6. [Maximum mark: 9]
A car of mass 1300 kg is moving on a straight road.
(a) On a horizontal section of the road, the car has a constant speed of 30 ms−1 and there is a constant resisting force of 650 N.
(i) Calculate, in kW, the power developed by the engine of the car.
(ii) Given that this power is suddenly increased by 9 kW, find the instantaneous acceleration of the car.
(b) On a section of the road inclined at sin−1(0.08) to the horizontal, the resistance to the motion of the car is (1000 + 20v) N when the speed of the car is v ms−1. The car travels downwards along this section of the road at constant speed with the engine working at 11.5 kW. Find this constant speed.
▶️Answer/Explanation
(a)(i) Solution:
Power = Force × Velocity
\(P = 650 \times 30 = 19500 \, \text{W} = 19.5 \, \text{kW}\).
(a)(ii) Solution:
New power: \(19.5 + 9 = 28.5 \, \text{kW}\)
Driving force: \(F = \frac{P}{v} = \frac{28500}{30} = 950 \, \text{N}\)
Net force: \(950 – 650 = 300 \, \text{N}\)

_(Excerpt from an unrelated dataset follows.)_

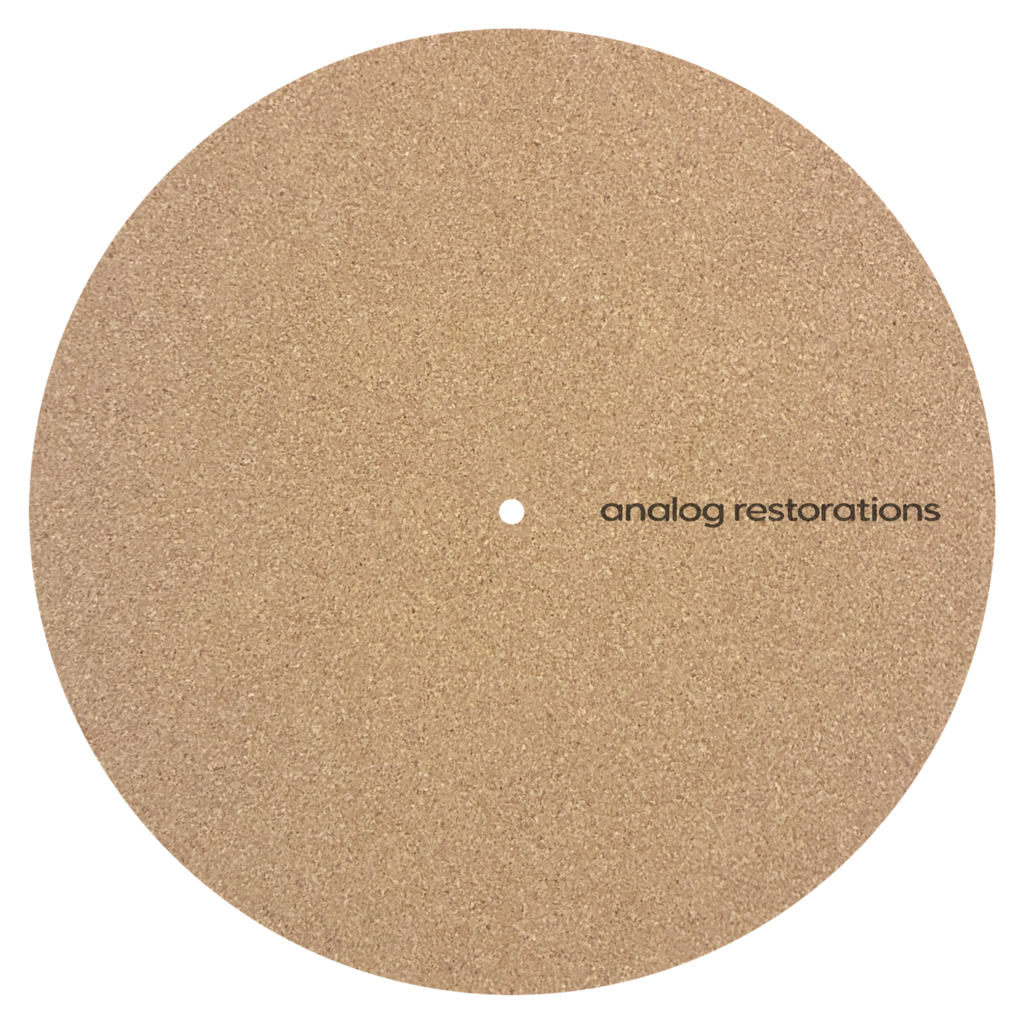 Analog Restorations logo cork turntable platter mat displayed on a turntable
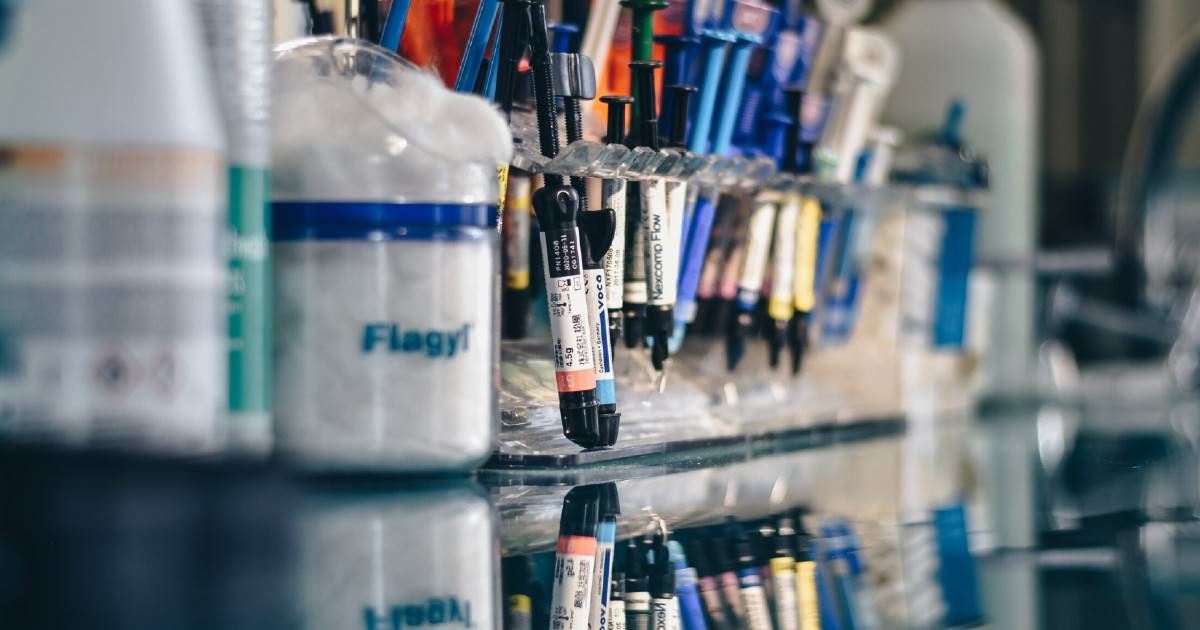 Tray of surgical supplies, including syringes and disposable materials, on a case cart in a hospital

Acceleration: \(a = \frac{F}{m} = \frac{300}{1300} \approx 0.231 \, \text{ms}^{-2}\).
(b) Solution:
Driving force: \(F = \frac{P}{v} = \frac{11500}{v}\)
Resolving forces parallel to the slope:
\(F + 1300g \times 0.08 = 1000 + 20v\)
Substitute \(F\):
\(\frac{11500}{v} + 1040 = 1000 + 20v\)
Simplify:
\(20v^2 – 40v – 11500 = 0\)
Solve quadratic:
\(v = 25 \, \text{ms}^{-1}\) (discard negative root).
7. [Maximum mark: 9]
A particle moves in a straight line starting from point \(O\) before coming to instantaneous rest at point \(X\). The velocity \(v \, \text{ms}^{-1}\) at time \(t \, \text{s}\) is given by:
- \(v = 7.2t^2\) for \(0 \leq t \leq 2\)
- \(v = 30.6 – 0.9t\) for \(2 \leq t \leq 8\)
- \(v = \frac{1600}{t^2} + kt\) for \(t \geq 8\) (where \(k\) is a constant)
Given no instantaneous change in velocity at \(t = 8\), find the distance \(OX\).
▶️Answer/Explanation
Solution:
1. For \(0 \leq t \leq 2\): Integrate \(v = 7.2t^2\) to get distance:
\(\int_0^2 7.2t^2 \, dt = 2.4t^3 \big|_0^2 = 19.2 \, \text{m}\)
2. For \(2 \leq t \leq 8\): Integrate \(v = 30.6 – 0.9t\) to get distance:
\(\int_2^8 (30.6 – 0.9t) \, dt = 30.6t – 0.45t^2 \big|_2^8 = 156.6 \, \text{m}\)
3. For \(t \geq 8\): Find \(k\) using continuity at \(t = 8\):
\(30.6 – 0.9 \times 8 = \frac{1600}{64} + 8k \Rightarrow k = -0.2\)
Integrate \(v = \frac{1600}{t^2} – 0.2t\) to get distance:
\(\int_8^{20} \left( \frac{1600}{t^2} – 0.2t \right) dt = \left[ -\frac{1600}{t} – 0.1t^2 \right]_8^{20} = 86.4 \, \text{m}\)
Total distance \(OX\): \(19.2 + 156.6 + 86.4 = 262.2 \, \text{m}\).